If you prefer data frames, the same assignments look like this:

import pandas as pd
from singleton import my_aimms

warehouses_set = ["NewYork", "LosAngeles", "Chicago"]
customers_set = ["Houston", "Phoenix", "Philadelphia"]

demand_df = pd.DataFrame({
    "c": customers_set,
    "demand": [50, 60, 40],
})

supply_df = pd.DataFrame({
    "w": warehouses_set,
    "supply": [70.0, 80.0, 60.0],
})

unit_transport_cost_df = pd.DataFrame({
    "c": [
        "Houston", "Phoenix", "Philadelphia",
        "Houston", "Phoenix", "Philadelphia",
        "Houston", "Phoenix", "Philadelphia",
    ],
    "w": [
        "NewYork", "NewYork", "NewYork",
        "LosAngeles", "LosAngeles", "LosAngeles",
        "Chicago", "Chicago", "Chicago",
    ],
    "unit_transport_cost": [5.0, 6.0, 4.0, 3.0, 2.0, 7.0, 4.0, 5.0, 3.0],
})

my_aimms.demand.assign(demand_df)
my_aimms.supply.assign(supply_df)
my_aimms.unit_transport_cost.assign(unit_transport_cost_df)

3. Calling Python from AIMMS

pyaimms provides two functions for executing Python code from AIMMS:

  • py::run_python_statement(<python_statement>): Execute a single Python statement (a string).

  • py::run_python_script(<script_filename>): Execute a Python script file (by filename).

These functions are available in your AIMMS model after importing the pyaimms library. The script path is relative to your AIMMS project directory.

Usage Examples

Below are examples of how to use pyaimms in your AIMMS procedures:

Executing a Python Statement

Use py::run_python_statement to run a single line of Python code, such as calling a function or modifying a variable.

py::run_python_statement("execute_main()");

Executing a Python Script

Use py::run_python_script to execute an entire Python script file. The script filename should be relative to your AIMMS project directory.

py::run_python_script("script_with_func.py");
py::run_python_script("global_assign.py");

Best Practices

  • Always ensure your pyproject.toml lists all dependencies your Python code uses.

  • Use the singleton pattern to avoid re-initializing the aimmspy Project and Model instances multiple times.

  • Keep Python scripts and modules organized and accessible from your AIMMS project directory.

Setting Up a Debugger for Embedded Python

To enable debugging for embedded Python code in AIMMS, you can use the debugpy library. Add the following snippet to your singleton file:

import os
if os.getenv("PYAIMMS_DEBUG"):
    import debugpy
    debugpy.listen(("0.0.0.0", 5678))
    print("Debug server has been opened on 0.0.0.0:5678")

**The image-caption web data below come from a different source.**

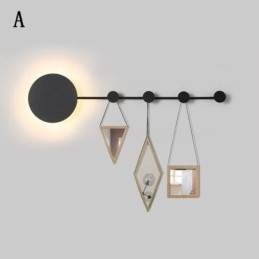 Moderne wandlamp, ronde wandlamp, zwarte haak, wandlamp, nachtkastjeverlichting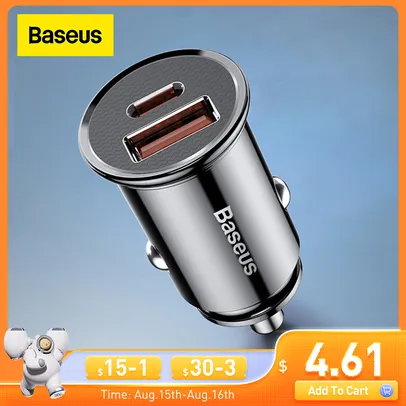 (Conta Nova) Baseus 30w carregador de carro carga rápida 4.0 3.0 usb tipo c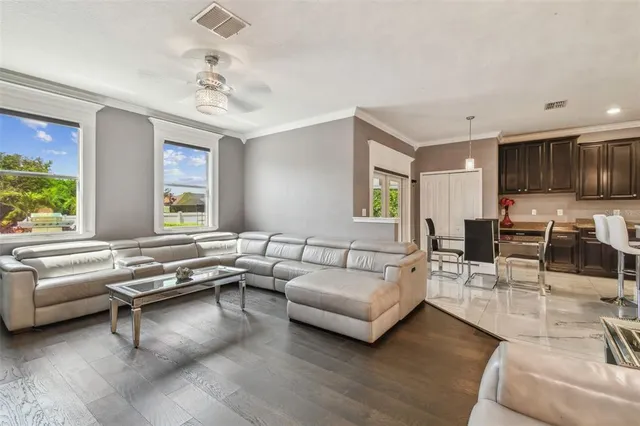 a living room with furniture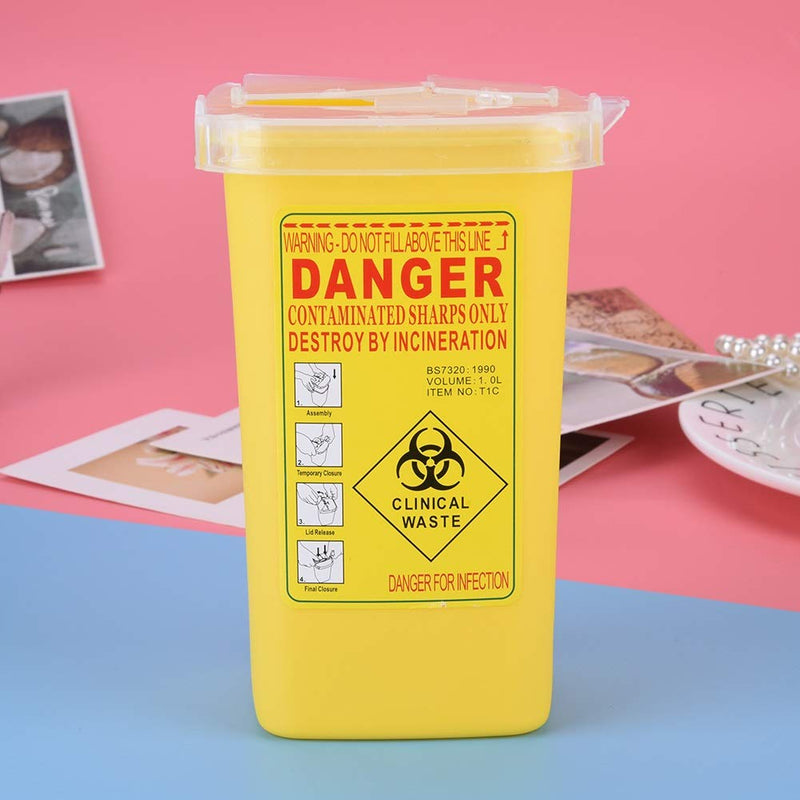 Cannula Disposal Container, Plastic Needle Container, Disposal 1L Size Sharps Container, Yellow - NewNest Australia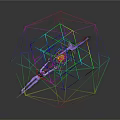 Cartoon Scene With Colorful Geometric Lines Vibrant Core And Glowing Dynamic Elements 3d model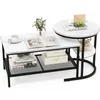 Image de COSTWAY Lot de 2 Tables Basses Gigognes Scandinaves - Table dAppoint Imprimée Marbre - Cadre en Métal Noir Repose-pieds Réglables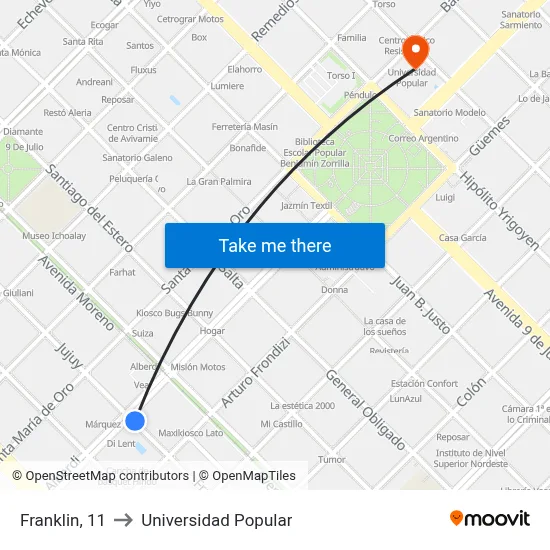 Franklin, 11 to Universidad Popular map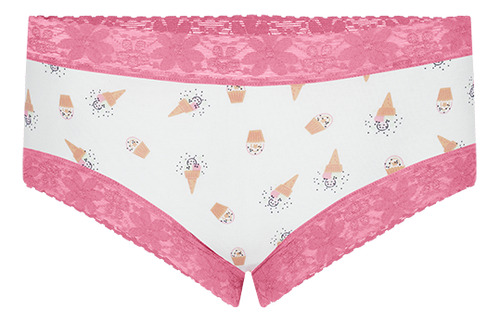 Panty Cachetero Estampado Con Encaje (6555)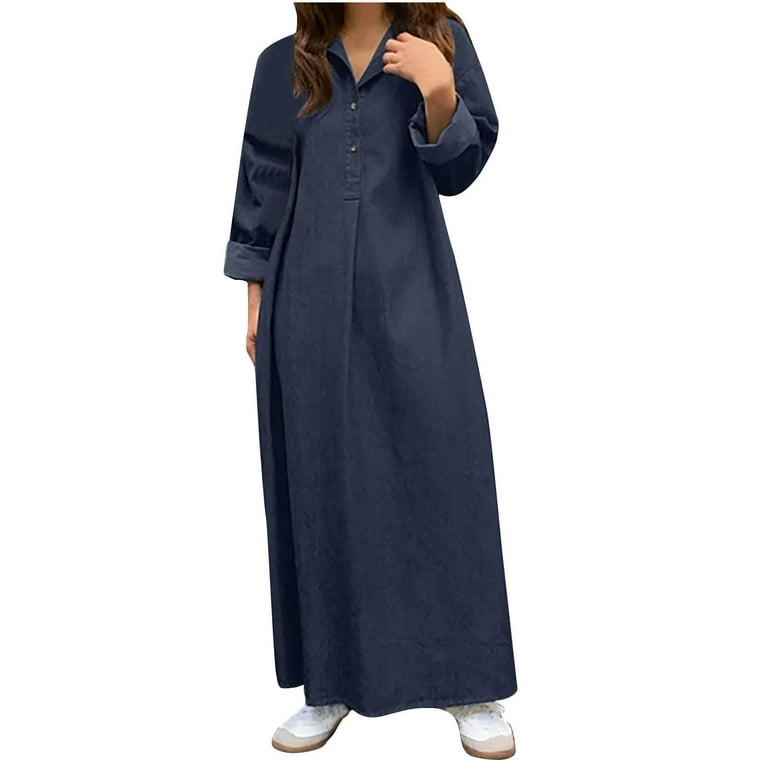 JNGSA T-Shirt Dress Women,Women's Long Sleeve Denim Dress Solid Color  Quater-Button Lapel Long Dress Loose Fit Denim Maxi Dresses Navy -  Walmart.com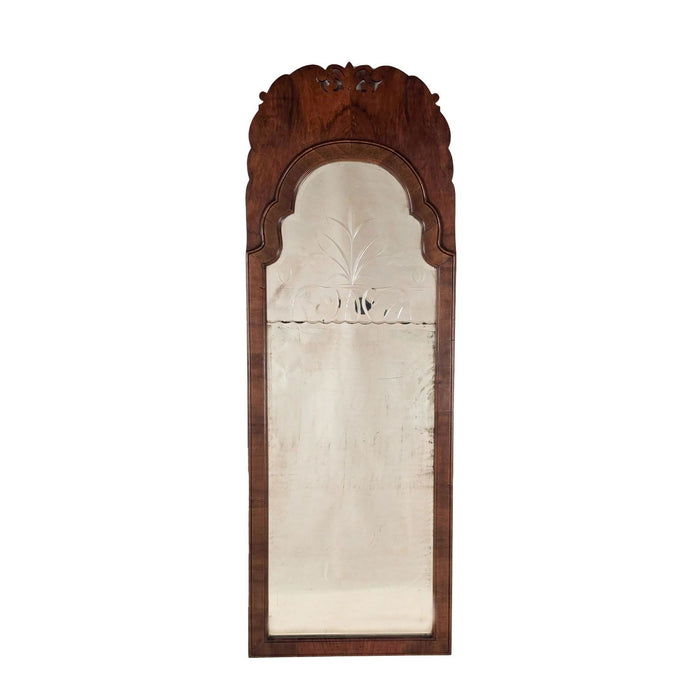 Queen Anne Walnut Pier Mirror, England circa 1800.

Then, in VS Code, use the following launch configuration:

{
    "name": "Attach to Embedded Python",
    "type": "python",
    "request": "attach",
    "connect": {
        "host": "localhost",
        "port": 5678
    }
}

This starts a debug server on port 5678 when PYAIMMS_DEBUG is set. Change the port if needed. You can then attach and detach a debugger (such as VS Code) while the server is running.

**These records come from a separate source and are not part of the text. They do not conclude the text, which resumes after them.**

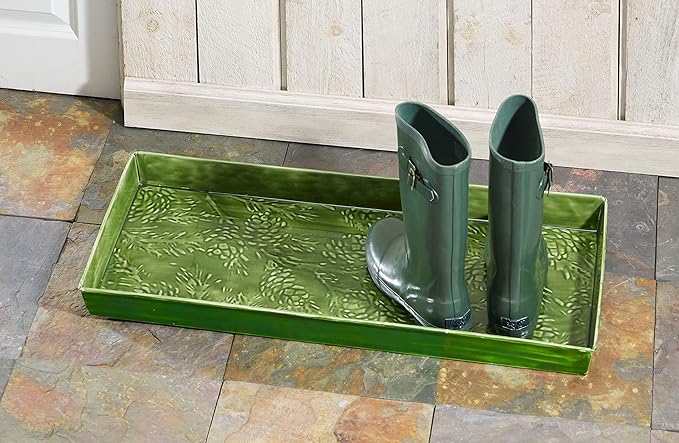 HF by LT Pine Branch Pattern Enamel Boot Tray, 30 x 13 inches, Forest Green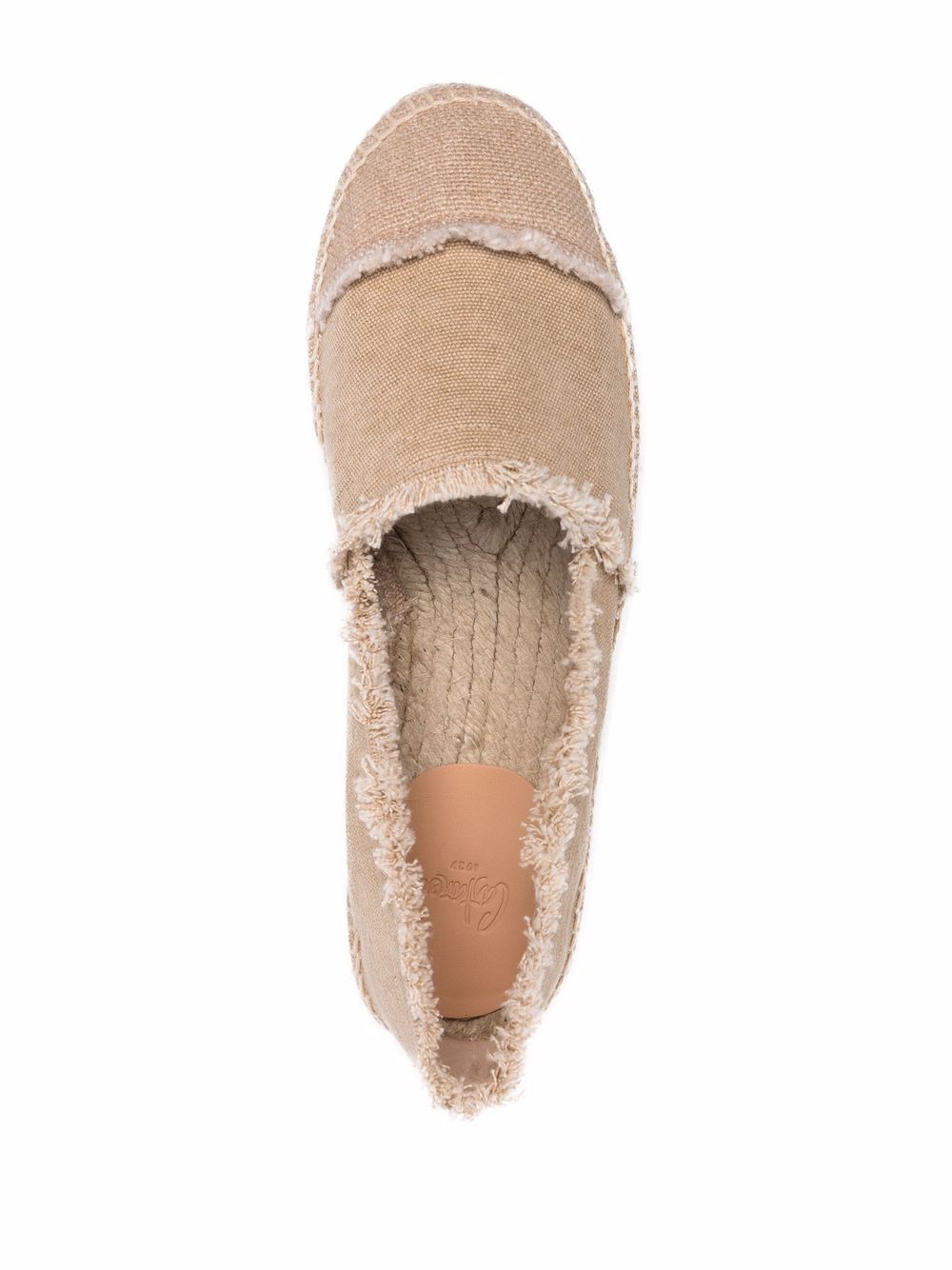 Castañer Flat Espadrilles in Woven Raffia Beige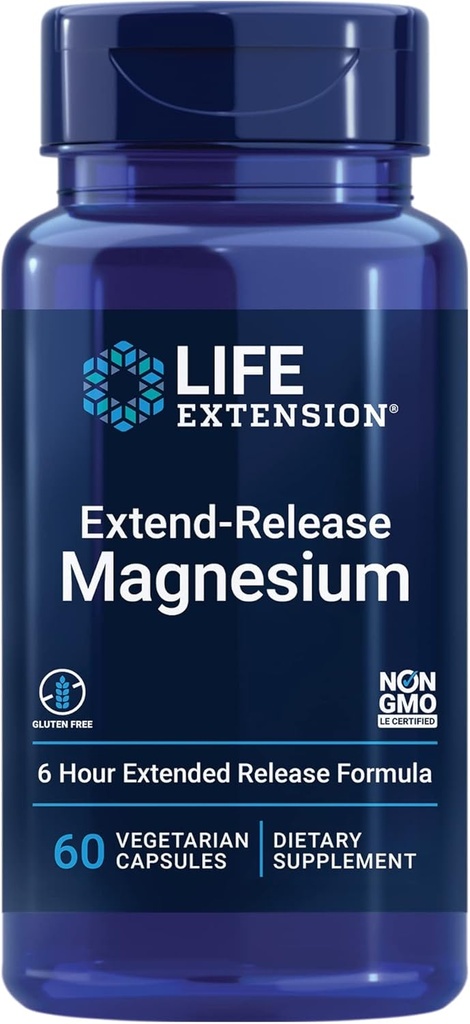 Life Extension Extend-Release Magnesium, prolonged Heart & Bone Health Support, Cardiovascular & Blood Pressure Health Support, bioavailable Formula, Gluten-Free, Non-GMO, Vegetarian, 60 Capsules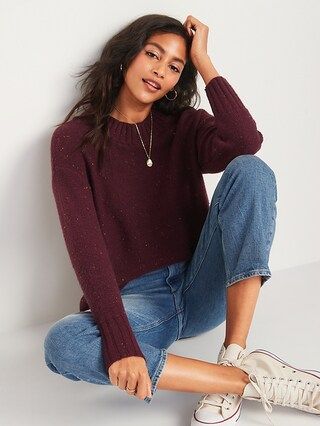Oversized Cozy Textured Crew-Neck Sweater for Women | Old Navy (US)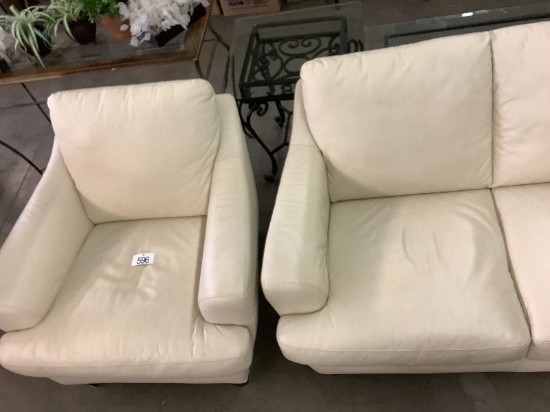 Italian Leather Loveseat and Chair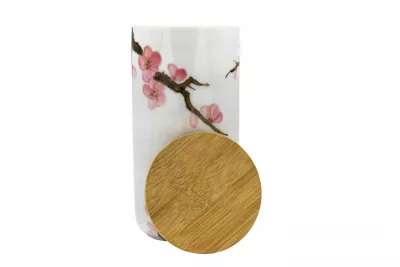 Recipient pastrarea ceaiului din portelan, capac bambus Sakura 500 ml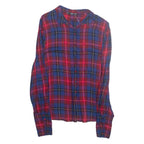 MNG BASICS Womens Printed Blouse Blue Collared Long Sleeve Viscose Check L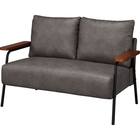 レザー調生地のコンパクトソファ 布張りタイプ(GC03WR DGY) 1枚目画像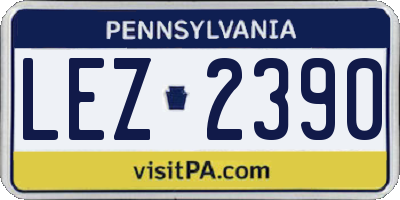 PA license plate LEZ2390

Steps: 1. Ensure debugpy is listed in your pyproject.toml dependencies. 2. Set the environment variable PYAIMMS_DEBUG=1 before running your AIMMS project. 3. Add the code snippet above to your Python entry point or singleton file. 4. Attach your debugger to localhost:5678 from your IDE.

Note: This approach works for embedded Python and allows you to set breakpoints, inspect variables, and step through code interactively.

Note

  • Python identifier access is case-sensitive. If you get an AttributeError, check the identifier name in your AIMMS model.

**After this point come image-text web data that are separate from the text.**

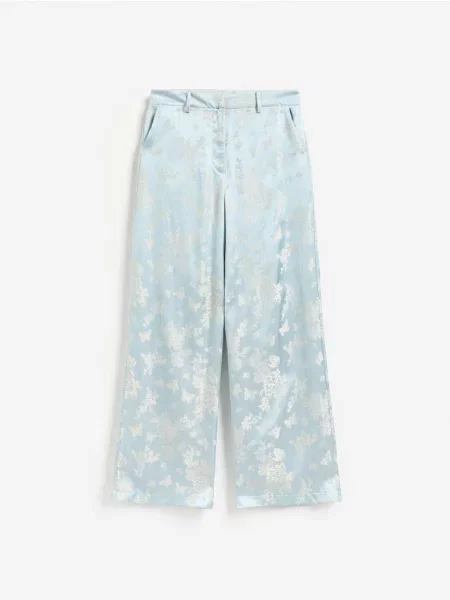 Reserved Pantaloni cu model jacard albastru-deschis albastru
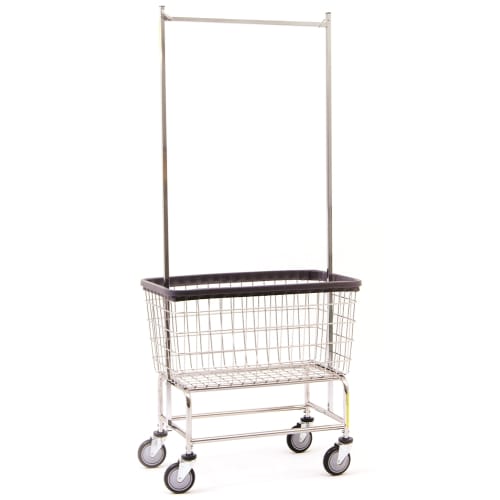 R&B Wire 4.5 Bushel Large Capacity Laundry Cart With Double Pole Rack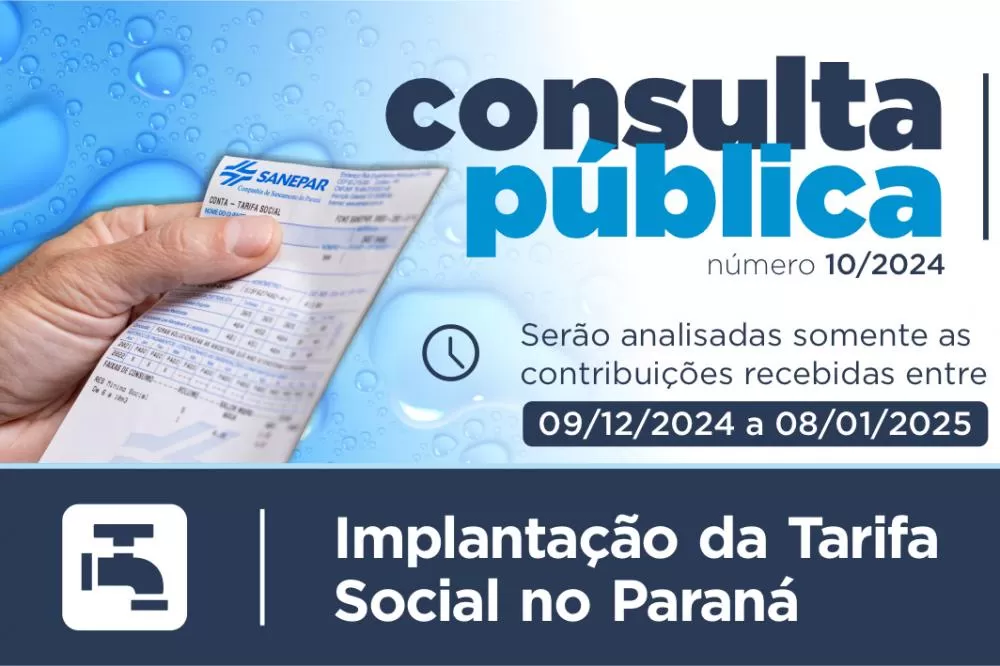 Agepar disponibiliza consulta sobre implantação da Tarifa Social de saneamento Foto: Agepar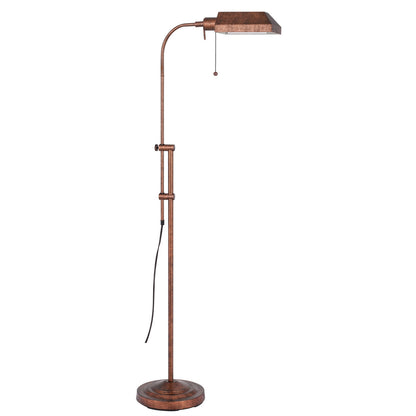 Rusted Adjustable Floor Lamp w/ Rust Shade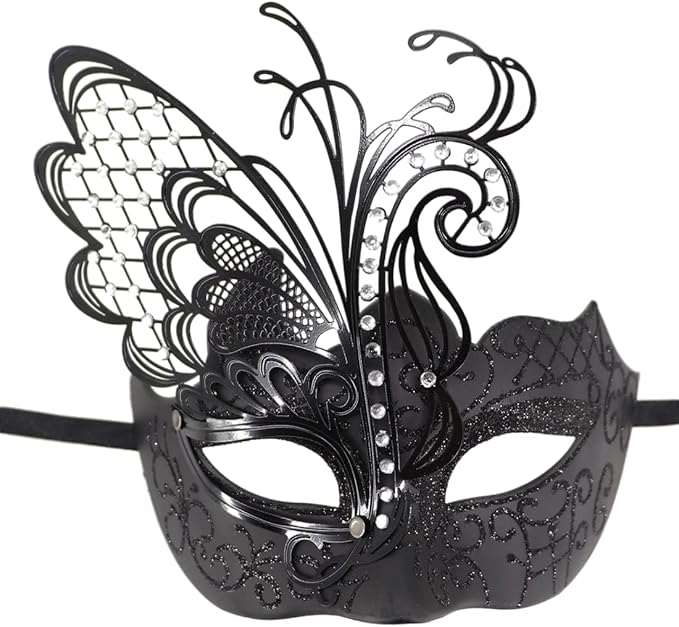 Coolwife Couples Masquerade Masks Metal Venetian Mardi Gras Party Evening Prom Costume Mask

  • The script path for run_python_script is always relative to your AIMMS project directory.

  • Because Python is embedded in AIMMS, standard multiprocessing may not work. Use threads instead unless you have configured multiprocessing explicitly.

  • AIMMS projects using pyaimms cannot be closed and reopened within the same IDE session. To restart the project, close the AIMMS IDE completely and reopen it.

  • If you change your model (for example, by adding new identifiers), call get_model() again to refresh the model in Python.